→ **WHAT YOU SHOULD DO**
Your answer must be the exact lines from the one holding "Fototapeta premium Sunset" through the end of the entries, with no pictures.

→ **DATASET CONTENT**

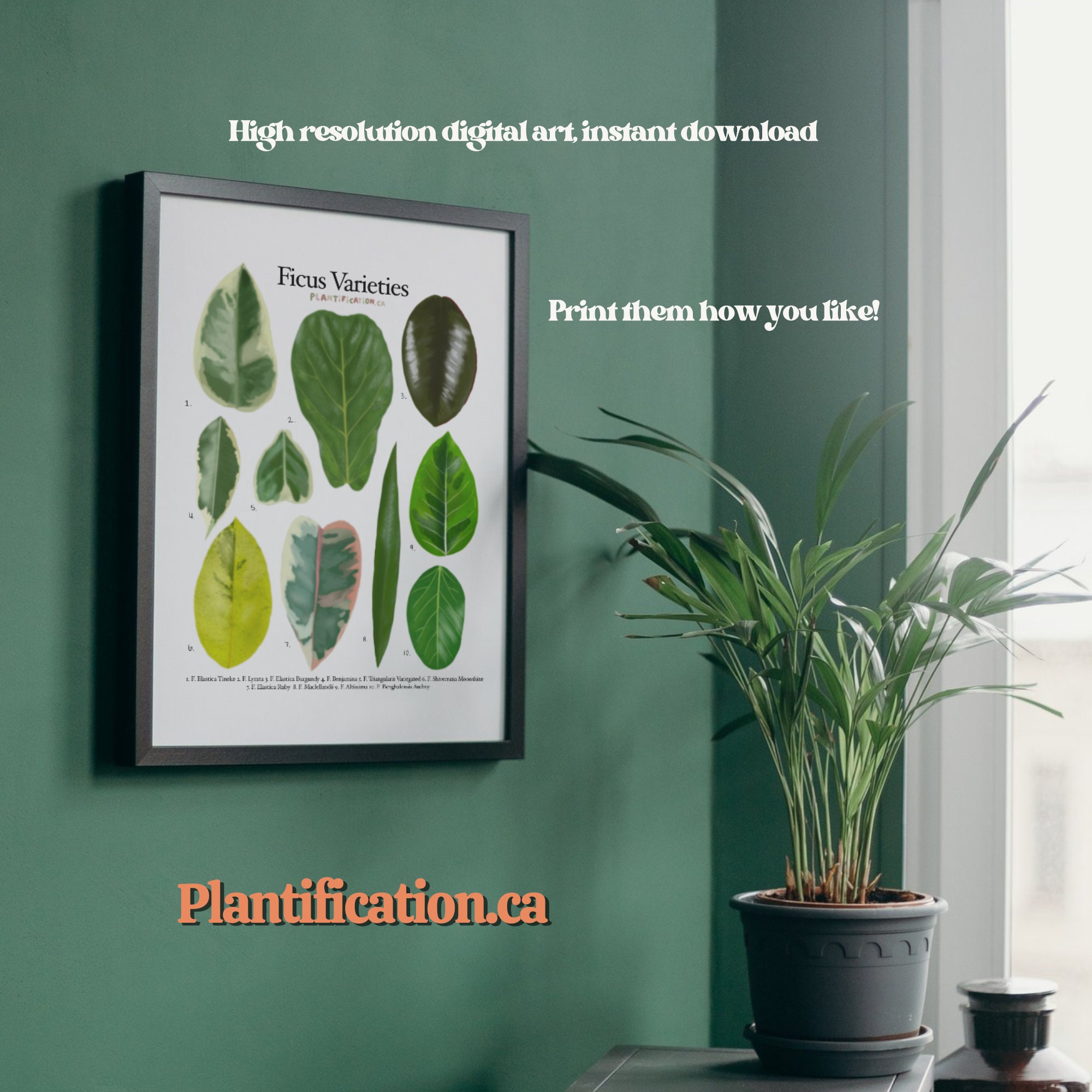 Ficus Varieties - Plant Identification Chart - Digital Download - Etsy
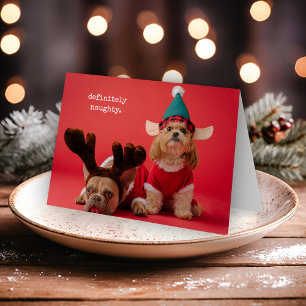 Definitely Naughty Pet Photo Cute Christmas Holiday Card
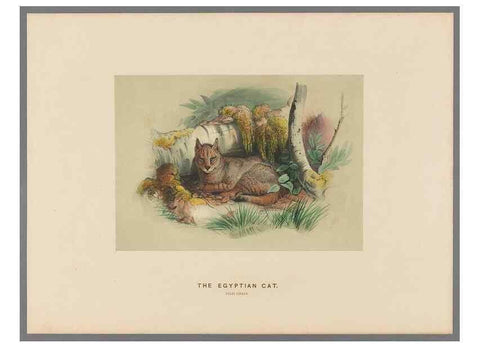 Reproducción/Reproduction 49419072521: Zoological sketches /. London :Henry Graves,1861-1867.. 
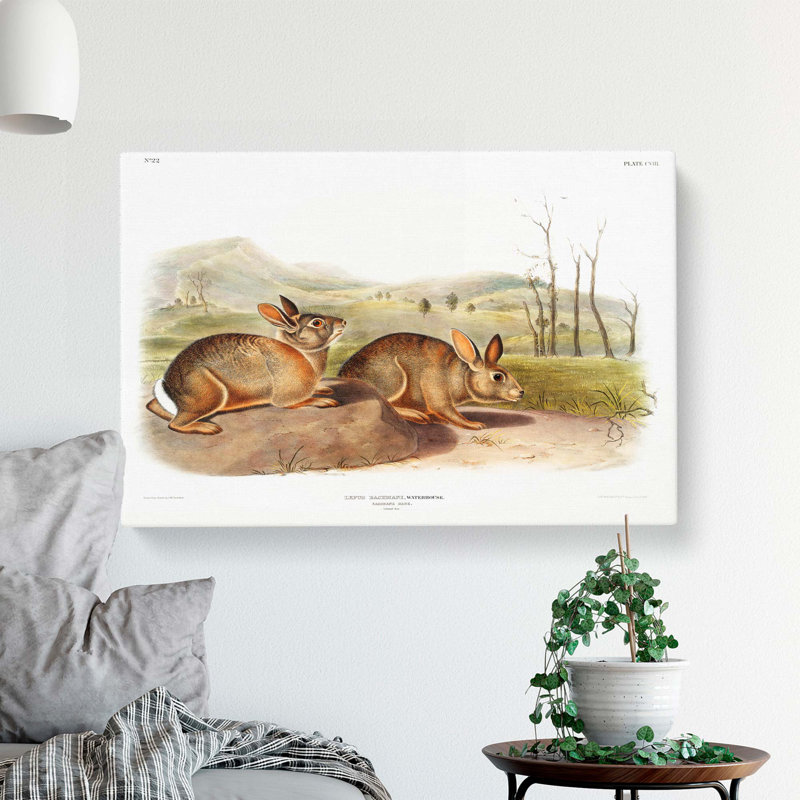 Bachmans Hares by J.W. Audubon - Wrapped Canvas, 40cm H x 60cm W x 3cm D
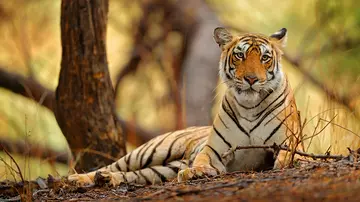 Tiger lying on ground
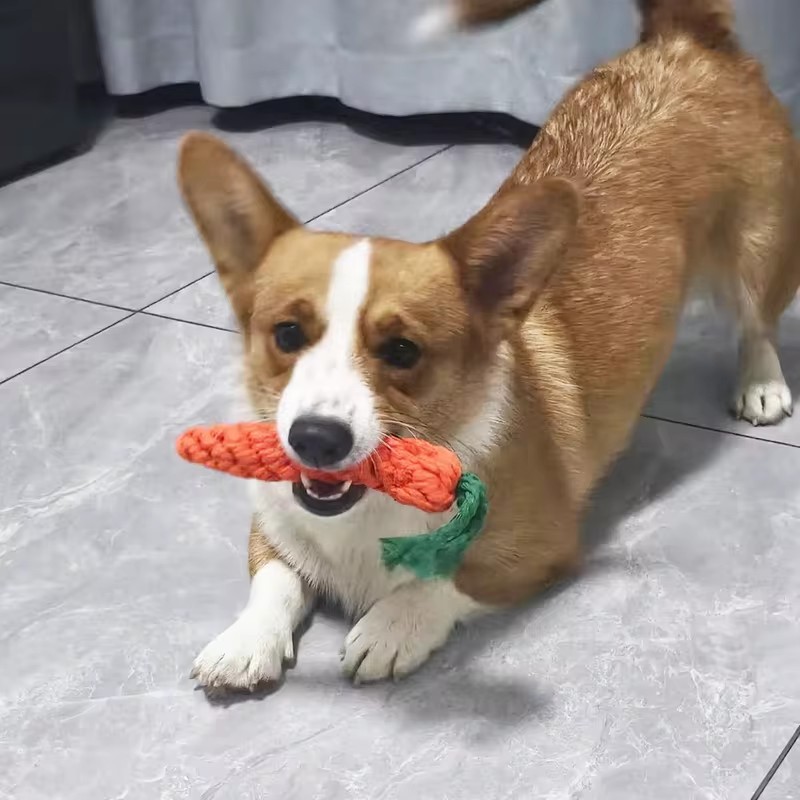 Carrot Shape Rope Knot Dog Toys Bite Resistant Chew Toys For Puppy Teeth Grinding Interactive Tug Of War Play Toys Pet Supplies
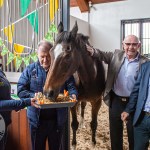 The legendary Limerick horse, Istabraq celebrated his 32nd birthday at Martinstown Stud, on Thursday, May 23, 2024, in celebration of the legacy and mark he left on the worlds of horse racing and the Limerick community. Picture: Olena Oleksienko/ilovelimerick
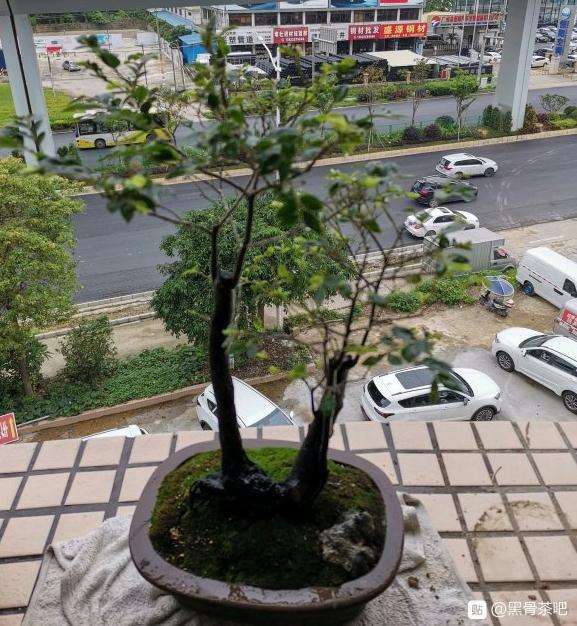 黑骨茶下山桩是否不能用原土种植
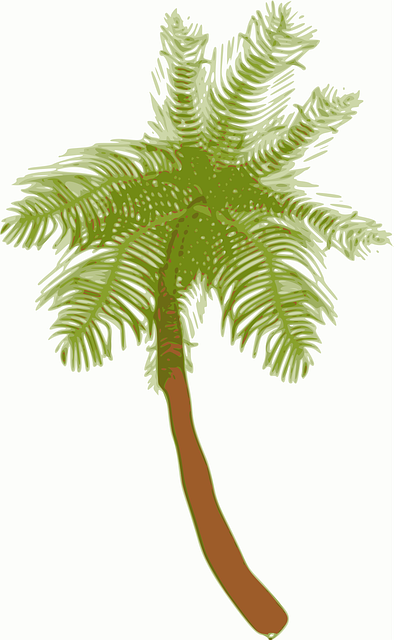 Free palm tree coconut vector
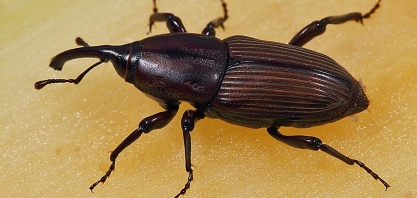 Sphenophorus levis, principal praga dos canaviais paulistas, já causa perdas nos canaviais mineiros e goianos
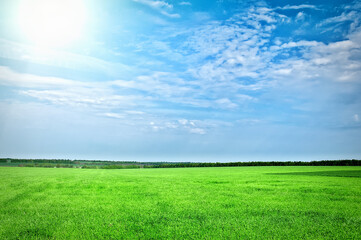 Fototapeta premium Sunset sun and field of green fresh grass under blue sky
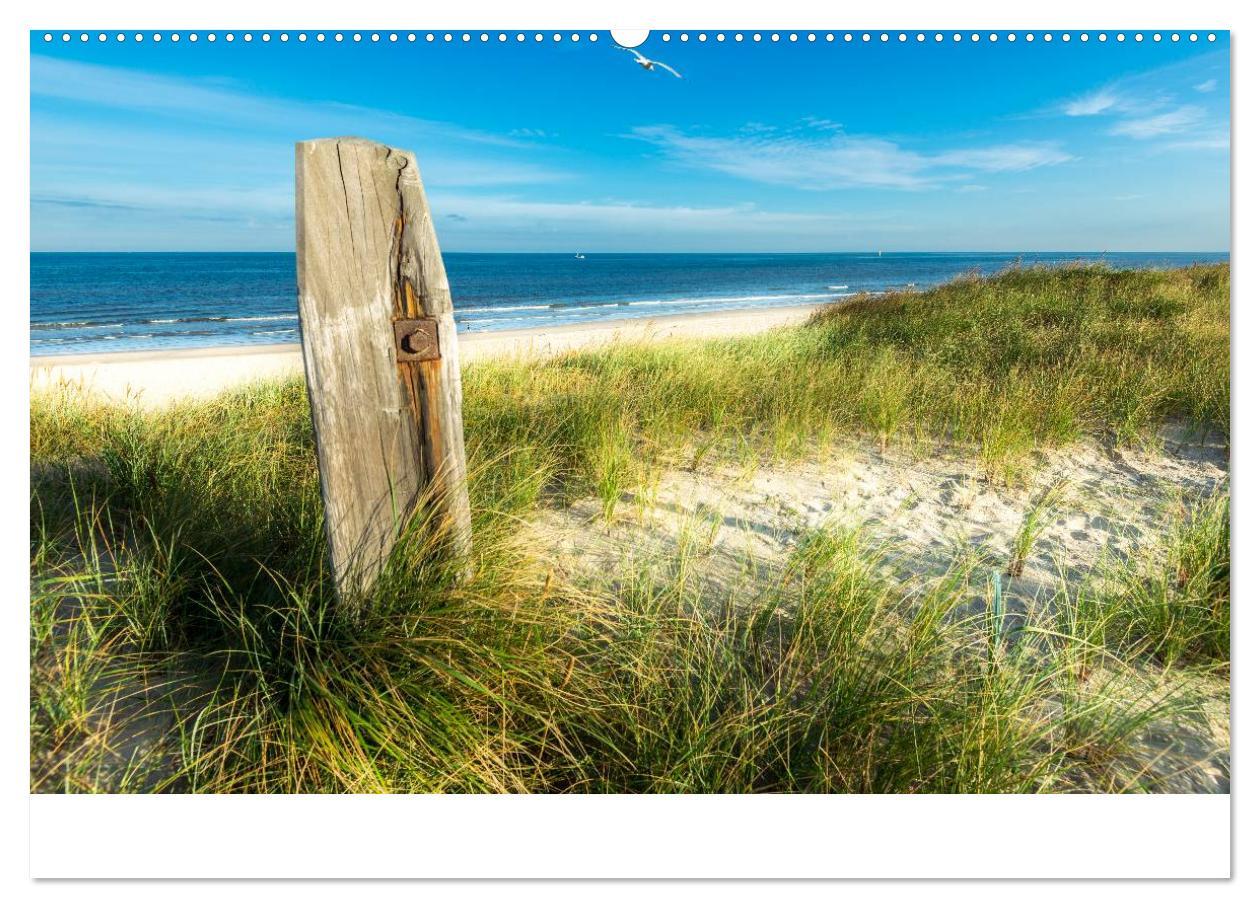 Bild: 9783435466351 | Grüße aus Texel (hochwertiger Premium Wandkalender 2025 DIN A2...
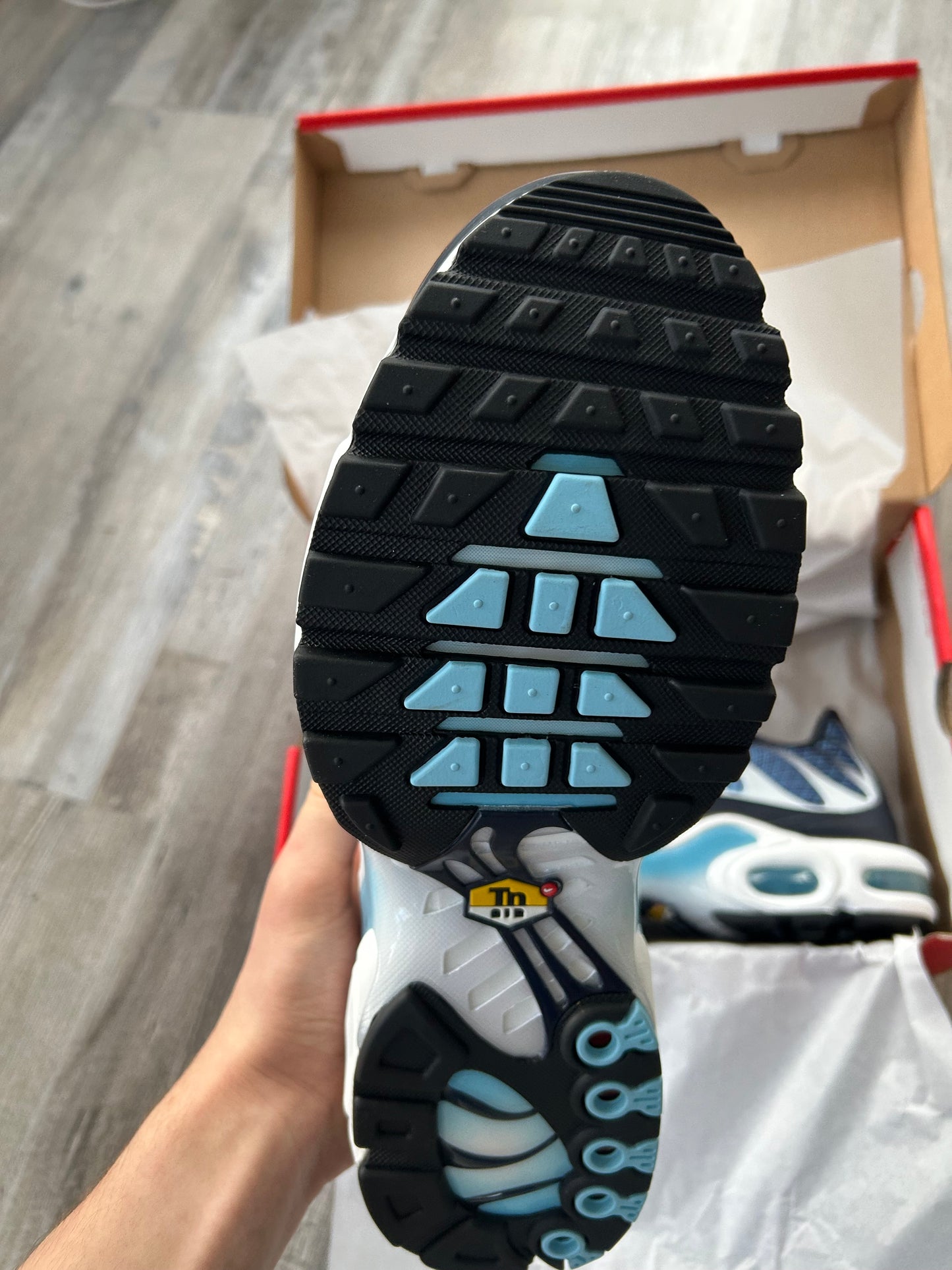 Nike air max plus Tn “Obsidian grids”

→ **SOLVED EXERCISE**
 Fototapeta premium Sunset sun and field of green fresh grass under blue sky
 Bild: 9783435466351 | Grüße aus Texel (hochwertiger Premium Wandkalender 2025 DIN A2...
 Nike air max plus Tn “Obsidian grids”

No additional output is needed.